Una tregua frustrante
Las conversaciones (que sólo eran un medio de ganar tiempo mientras cada uno meditaba alguna estrategia) no llegaron a puerto alguno y, por fin, en octubre de 1191, Ricardo decidió que era hora de emprender la marcha hacia la conquista de Jerusalén. En enero siguiente se encontraba en Beit Nuba, a sólo 20 kilómetros de su objetivo. Llegaban noticias de que Saladino evacuaba la ciudad y dejaba solo una mínima guarnición. Conquistarla era pan comido, pero... ¿y después?
Ricardo advirtió que culminar el objetivo de la cruzada, recuperar Jerusalén, era al mismo tiempo una manera de abocar la expedición al fracaso. Tras la conquista de la ciudad santa, las ya de por sí insuficientes tropas cristianas quedarían mermadas: muchos cruzados regresarían a sus hogares. Saladino, sin suda, pondría cerco a la ciudad. Con un exiguo contingente para defenderla, volvería pronto a manos sarracenas.
El león adoptó entonces una decisión impropia de su apodo: ordenó a sus tropas la retirada y tomó el camino de Ascalón, un puerto que Saladino había abandonado no sin antes reducirlo a ruinas. Desde Ascalón, en junio, Ricardo se dirigió una vez más hacia Jerusalén. Y volvía a dar la vuelta en Beit Nuba. El tan impulsivo león era ahora un mar de dudas. No sabía cómo acabar su expedición en Tierra Santa, y partir de allí ya le era muy urgente: de Europa llegaban preocupantes noticias de las conversaciones entre su hermano, Juan sin Tierra, y Felipe II Augusto.
Saladino dio a Ricardo la oportunidad de marcharse con honor. El ejército del Sultán atacó Jaffa. Los cruzados partieron rápidamente hacia Acre y desde allí embarcaron hacia la ciudad en peligro. Ricardo peleó tal como le gustaba, codo a codo con los soldados, y repelió por dos veces las embestidas de Saladino. Eran los últimos combates entre los dos. El 9 de octubre de 1192 un rey abandonaba Tierra Santa.

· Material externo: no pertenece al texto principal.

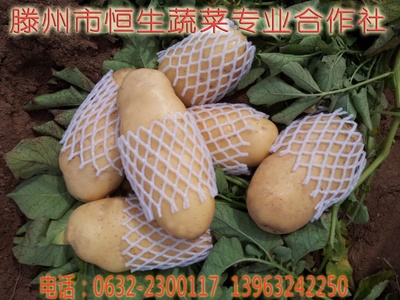 2014年新土豆，山东省滕州市恒生蔬菜专业合作社
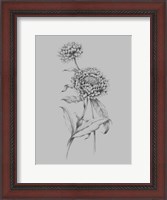 Framed Flower Drawing III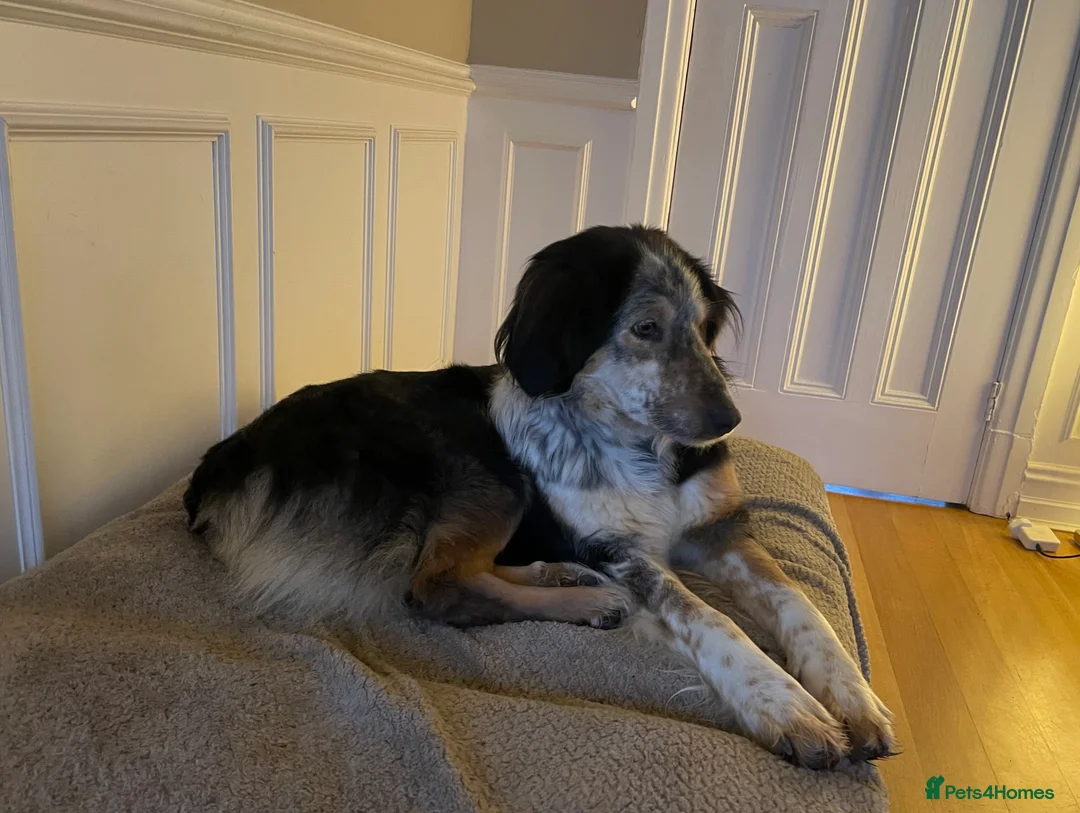 Mixed Breed dogs for adoption: IRIS, a gentle dog of quiet nature - Advert 8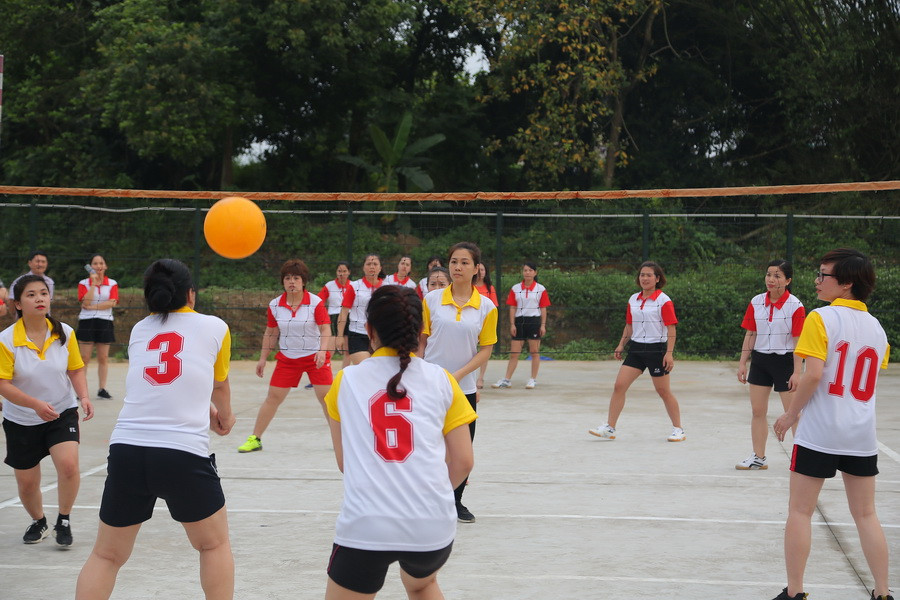 Trận đấu mở màn giải giữa hai đội: Đội Cơ quan ĐHTN gặp đội Khoa Ngoại ngữ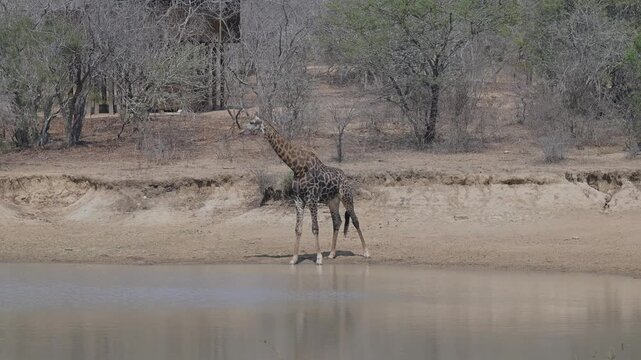 Giraffe beim trinken am Wasserloch vom Kr&uuml;ger National Park - Kruger Nationalpark S&uuml;dafrika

En nada se parecía al que más de un año antes había desembarcado en Acre. Ricardo Corazón de León era una sombra del hombre al que admiraba toda la cristiandad. Estaba cansado, debilitado por unas fiebres tercianas, y se sentía fracasado como cruzado. El 2 de septiembre había firmado una tregua con Saladino.
El Sultán se comprometía a considerar territorio cristiano la costa de Tiro a Acre y abría Jerusalén al tránsito de peregrinos. Ricardo no hizo uso de este privilegio. No quiso entrar en la ciudad celestial, aquella que le remordía la conciencia no haber sido capaz de conquistar. La leyenda, sin embargo, iba a perdonarle.